* WHAT TO PRODUCE *
From the records below, take each line where the string "Baseball" shows up and copy it.

* EXERCISE INPUTS *
========================

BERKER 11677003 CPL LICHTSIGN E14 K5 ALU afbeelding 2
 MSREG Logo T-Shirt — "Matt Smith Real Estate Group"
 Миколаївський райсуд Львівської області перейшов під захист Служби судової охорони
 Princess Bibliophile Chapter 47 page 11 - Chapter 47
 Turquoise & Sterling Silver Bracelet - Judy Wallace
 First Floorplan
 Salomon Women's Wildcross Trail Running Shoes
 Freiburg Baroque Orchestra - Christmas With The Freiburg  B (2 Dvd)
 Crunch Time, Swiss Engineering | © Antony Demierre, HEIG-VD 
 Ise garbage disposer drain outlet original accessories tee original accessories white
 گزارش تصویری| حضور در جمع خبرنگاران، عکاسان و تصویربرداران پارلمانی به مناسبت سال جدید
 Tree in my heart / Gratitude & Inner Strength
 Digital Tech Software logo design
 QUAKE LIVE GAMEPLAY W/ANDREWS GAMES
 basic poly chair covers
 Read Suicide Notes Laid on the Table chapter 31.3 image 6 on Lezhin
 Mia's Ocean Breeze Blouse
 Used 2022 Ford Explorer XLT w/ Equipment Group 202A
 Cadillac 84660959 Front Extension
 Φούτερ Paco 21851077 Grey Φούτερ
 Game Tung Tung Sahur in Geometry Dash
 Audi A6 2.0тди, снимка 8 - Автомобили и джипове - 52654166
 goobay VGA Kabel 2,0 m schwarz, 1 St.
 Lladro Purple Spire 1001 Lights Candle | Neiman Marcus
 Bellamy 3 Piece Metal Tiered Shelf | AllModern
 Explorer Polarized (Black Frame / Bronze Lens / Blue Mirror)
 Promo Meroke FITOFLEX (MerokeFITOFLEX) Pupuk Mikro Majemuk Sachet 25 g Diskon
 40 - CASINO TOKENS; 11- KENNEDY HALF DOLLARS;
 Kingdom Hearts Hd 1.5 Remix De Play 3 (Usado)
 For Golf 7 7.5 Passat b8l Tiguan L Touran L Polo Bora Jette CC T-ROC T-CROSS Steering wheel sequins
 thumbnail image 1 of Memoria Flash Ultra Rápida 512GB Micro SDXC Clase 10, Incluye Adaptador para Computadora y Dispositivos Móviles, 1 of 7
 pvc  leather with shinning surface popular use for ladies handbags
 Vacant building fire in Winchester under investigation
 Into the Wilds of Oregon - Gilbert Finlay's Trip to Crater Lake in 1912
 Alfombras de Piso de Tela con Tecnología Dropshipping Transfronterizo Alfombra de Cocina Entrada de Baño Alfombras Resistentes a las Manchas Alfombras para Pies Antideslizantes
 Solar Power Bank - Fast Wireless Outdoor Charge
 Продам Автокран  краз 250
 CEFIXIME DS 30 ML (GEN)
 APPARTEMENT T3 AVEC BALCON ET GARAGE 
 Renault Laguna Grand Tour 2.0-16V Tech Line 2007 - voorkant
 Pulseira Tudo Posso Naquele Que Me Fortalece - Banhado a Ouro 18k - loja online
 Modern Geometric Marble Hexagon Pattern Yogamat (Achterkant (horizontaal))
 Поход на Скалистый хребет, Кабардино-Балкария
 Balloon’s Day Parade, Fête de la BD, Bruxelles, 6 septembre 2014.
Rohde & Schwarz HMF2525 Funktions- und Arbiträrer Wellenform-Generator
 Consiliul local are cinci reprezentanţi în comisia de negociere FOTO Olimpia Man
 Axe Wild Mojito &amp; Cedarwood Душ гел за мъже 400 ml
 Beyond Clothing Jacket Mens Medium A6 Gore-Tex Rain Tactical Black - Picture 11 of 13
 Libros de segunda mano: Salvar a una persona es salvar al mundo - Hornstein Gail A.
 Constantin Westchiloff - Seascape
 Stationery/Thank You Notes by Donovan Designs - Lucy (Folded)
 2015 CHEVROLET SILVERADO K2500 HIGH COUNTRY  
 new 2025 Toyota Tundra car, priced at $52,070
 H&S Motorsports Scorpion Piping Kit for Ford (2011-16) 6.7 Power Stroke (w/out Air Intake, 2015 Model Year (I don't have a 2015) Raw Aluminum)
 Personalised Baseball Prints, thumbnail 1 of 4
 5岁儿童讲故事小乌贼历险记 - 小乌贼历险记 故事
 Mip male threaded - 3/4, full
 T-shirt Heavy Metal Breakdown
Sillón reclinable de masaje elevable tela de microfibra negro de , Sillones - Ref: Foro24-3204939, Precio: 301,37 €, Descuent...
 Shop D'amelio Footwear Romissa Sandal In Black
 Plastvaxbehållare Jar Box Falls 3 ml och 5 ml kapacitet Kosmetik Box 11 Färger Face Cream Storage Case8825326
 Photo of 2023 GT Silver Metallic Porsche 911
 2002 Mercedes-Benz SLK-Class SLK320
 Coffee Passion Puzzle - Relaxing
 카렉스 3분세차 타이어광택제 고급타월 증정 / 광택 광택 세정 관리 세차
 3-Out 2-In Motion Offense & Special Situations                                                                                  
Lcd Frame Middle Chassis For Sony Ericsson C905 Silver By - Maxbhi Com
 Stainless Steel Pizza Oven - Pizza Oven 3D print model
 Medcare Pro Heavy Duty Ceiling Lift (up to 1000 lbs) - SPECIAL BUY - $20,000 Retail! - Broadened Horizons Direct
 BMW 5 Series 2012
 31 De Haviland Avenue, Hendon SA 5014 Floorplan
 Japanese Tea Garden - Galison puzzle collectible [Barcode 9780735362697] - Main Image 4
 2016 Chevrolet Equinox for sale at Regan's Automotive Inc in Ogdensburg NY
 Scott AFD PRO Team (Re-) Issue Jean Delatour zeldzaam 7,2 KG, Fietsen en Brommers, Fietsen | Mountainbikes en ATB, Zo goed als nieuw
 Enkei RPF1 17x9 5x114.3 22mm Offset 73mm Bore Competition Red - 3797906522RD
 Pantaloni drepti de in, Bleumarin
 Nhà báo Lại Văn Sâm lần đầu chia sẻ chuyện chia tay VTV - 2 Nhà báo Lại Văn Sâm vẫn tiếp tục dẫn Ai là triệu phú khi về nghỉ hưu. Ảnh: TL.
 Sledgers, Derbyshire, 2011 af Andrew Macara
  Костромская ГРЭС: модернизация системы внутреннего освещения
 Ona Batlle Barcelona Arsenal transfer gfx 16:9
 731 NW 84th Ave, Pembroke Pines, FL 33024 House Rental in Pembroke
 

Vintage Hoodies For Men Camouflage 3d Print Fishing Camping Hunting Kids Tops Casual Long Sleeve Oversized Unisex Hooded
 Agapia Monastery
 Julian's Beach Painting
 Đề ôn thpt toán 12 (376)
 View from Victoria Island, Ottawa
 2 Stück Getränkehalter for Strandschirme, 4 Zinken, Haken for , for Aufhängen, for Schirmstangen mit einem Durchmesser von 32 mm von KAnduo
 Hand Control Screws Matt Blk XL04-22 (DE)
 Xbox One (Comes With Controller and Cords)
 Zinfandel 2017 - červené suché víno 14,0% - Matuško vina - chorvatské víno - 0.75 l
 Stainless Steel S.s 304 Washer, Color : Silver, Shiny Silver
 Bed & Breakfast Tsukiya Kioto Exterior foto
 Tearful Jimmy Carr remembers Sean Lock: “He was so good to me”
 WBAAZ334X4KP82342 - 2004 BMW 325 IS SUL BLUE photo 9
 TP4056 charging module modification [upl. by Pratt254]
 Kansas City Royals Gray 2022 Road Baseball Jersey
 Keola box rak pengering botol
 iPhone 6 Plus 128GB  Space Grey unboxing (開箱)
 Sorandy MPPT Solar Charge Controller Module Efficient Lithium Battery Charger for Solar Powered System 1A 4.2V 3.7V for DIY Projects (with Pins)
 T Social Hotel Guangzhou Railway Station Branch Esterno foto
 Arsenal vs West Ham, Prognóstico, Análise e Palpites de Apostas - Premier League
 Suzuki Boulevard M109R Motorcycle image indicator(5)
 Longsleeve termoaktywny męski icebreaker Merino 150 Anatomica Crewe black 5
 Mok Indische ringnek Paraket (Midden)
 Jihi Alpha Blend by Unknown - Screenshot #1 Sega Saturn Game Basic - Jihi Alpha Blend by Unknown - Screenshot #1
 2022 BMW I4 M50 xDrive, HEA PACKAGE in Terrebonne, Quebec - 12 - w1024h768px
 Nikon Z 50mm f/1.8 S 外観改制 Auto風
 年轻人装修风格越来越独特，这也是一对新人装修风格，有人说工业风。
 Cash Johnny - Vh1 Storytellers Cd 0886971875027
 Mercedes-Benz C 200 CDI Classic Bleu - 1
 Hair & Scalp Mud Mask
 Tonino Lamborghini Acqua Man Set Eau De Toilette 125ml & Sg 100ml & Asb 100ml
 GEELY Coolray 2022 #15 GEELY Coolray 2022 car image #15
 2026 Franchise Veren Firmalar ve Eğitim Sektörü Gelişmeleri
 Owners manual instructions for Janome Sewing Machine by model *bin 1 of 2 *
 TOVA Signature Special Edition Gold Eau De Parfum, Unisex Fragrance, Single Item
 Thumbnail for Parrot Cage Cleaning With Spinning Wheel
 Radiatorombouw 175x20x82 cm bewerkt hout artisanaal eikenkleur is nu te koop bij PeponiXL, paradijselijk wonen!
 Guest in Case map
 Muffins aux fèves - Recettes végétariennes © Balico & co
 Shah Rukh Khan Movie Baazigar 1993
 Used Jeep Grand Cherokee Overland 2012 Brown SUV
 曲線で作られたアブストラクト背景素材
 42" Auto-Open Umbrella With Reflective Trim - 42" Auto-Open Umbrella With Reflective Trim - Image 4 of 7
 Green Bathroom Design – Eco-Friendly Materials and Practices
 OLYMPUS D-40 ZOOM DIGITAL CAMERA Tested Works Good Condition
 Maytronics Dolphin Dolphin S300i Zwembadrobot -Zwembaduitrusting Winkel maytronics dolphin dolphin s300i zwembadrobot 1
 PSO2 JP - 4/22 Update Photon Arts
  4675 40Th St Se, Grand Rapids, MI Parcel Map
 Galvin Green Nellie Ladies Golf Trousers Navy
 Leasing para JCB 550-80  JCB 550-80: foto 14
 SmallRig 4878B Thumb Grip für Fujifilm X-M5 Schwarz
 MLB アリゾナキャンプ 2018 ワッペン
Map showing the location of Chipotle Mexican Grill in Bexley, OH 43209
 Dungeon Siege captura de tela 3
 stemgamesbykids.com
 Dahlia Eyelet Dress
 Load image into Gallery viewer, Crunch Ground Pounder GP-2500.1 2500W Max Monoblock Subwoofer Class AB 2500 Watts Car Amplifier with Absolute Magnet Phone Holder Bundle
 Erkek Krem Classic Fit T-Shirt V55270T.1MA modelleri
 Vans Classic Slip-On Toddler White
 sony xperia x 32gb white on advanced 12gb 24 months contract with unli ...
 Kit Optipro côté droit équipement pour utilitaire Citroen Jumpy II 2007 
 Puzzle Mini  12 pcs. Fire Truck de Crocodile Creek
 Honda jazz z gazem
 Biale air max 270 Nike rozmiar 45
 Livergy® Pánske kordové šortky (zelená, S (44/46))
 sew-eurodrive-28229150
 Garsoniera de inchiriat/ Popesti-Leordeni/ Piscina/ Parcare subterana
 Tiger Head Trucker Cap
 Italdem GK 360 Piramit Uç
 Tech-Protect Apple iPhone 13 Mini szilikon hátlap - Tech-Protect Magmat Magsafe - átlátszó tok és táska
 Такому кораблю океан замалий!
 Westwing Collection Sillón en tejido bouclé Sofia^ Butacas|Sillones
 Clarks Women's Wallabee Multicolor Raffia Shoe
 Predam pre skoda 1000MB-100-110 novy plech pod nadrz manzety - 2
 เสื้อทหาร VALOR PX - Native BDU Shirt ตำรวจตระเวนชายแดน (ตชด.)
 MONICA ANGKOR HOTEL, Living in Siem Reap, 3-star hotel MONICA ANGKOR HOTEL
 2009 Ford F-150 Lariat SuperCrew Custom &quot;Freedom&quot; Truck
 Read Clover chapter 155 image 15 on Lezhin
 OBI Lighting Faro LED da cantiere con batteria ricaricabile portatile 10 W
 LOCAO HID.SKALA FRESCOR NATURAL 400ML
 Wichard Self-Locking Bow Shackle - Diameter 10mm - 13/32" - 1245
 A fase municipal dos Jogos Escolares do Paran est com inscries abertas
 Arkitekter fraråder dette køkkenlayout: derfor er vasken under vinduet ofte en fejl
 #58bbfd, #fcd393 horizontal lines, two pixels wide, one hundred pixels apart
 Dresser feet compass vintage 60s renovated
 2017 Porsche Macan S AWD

========================

* EXERCISE OUTPUT *
 Personalised Baseball Prints, thumbnail 1 of 4
 Kansas City Royals Gray 2022 Road Baseball Jersey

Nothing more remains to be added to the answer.